UN Human Rights Committee challenges Ireland on Travellers’ ethnic status

Irish delegation also asked how it will protect non-Christian children in State-funded schools

“Travellers continue to suffer significant challenges in terms of appropriate housing . . . they have shorter life expectancy, high infant mortality and, particularly troubling, a high rate of suicide”. Photograph: Chris Radburn/PA Wire

“Travellers continue to suffer significant challenges in terms of appropriate housing . . . they have shorter life expectancy, high infant mortality and, particularly troubling, a high rate of suicide”. Photograph: Chris Radburn/PA Wire

 

Ireland’s continued denial of Travellers’ ethnic-minority status and the lack of non-denominational schools were challenged by the UN Committee on Human Rights yesterday.

Committee member Victor Manuel Rodriguez-Rescia, from Costa Rica, told the Irish delegation that the committee recognised Irish Travellers as an ethnic minority. “The committee requests the State to take steps to see to it that this group is recognised as an ethnic group. This is not a new request,” he said, pointing out it had also been sought by at least four other international human rights committees.

“Why has this not been done?” asked Mr Rodriguez-Rescia. “Travellers continue to suffer significant challenges in terms of appropriate housing . . . they have shorter life expectancy, high infant mortality and, particularly troubling, a high rate of suicide. All of these suggest the State should take strong, affirmative actions to support this minority group.”

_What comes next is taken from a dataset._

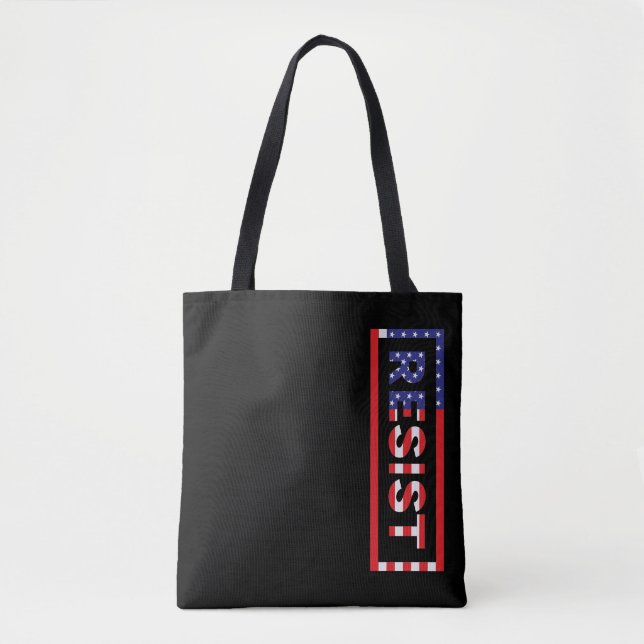 Tote Bag RÉSISTER| Drapeau des États-Unis (Devant)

The Irish delegation said consideration was still being given to this issue and stressed: “Travellers have the same civil and political rights as all Irish citizens” and “Travellers have the protection of all equality legislation as a protected group.”

Reform school system

It was encouraging that the Government acknowledged the need to reform the school system but the committee was concerned about the pace of change.

He asked Ireland to explain “what would be the fate of children of parents” with no religion and “not offered non-denominational education”.

Layla de Cogan Chin of the Department of Justice, said there was no obstacle to the establishment of non-denominational schools if there was sufficient demand. She said no child had to remain in class for religious instruction.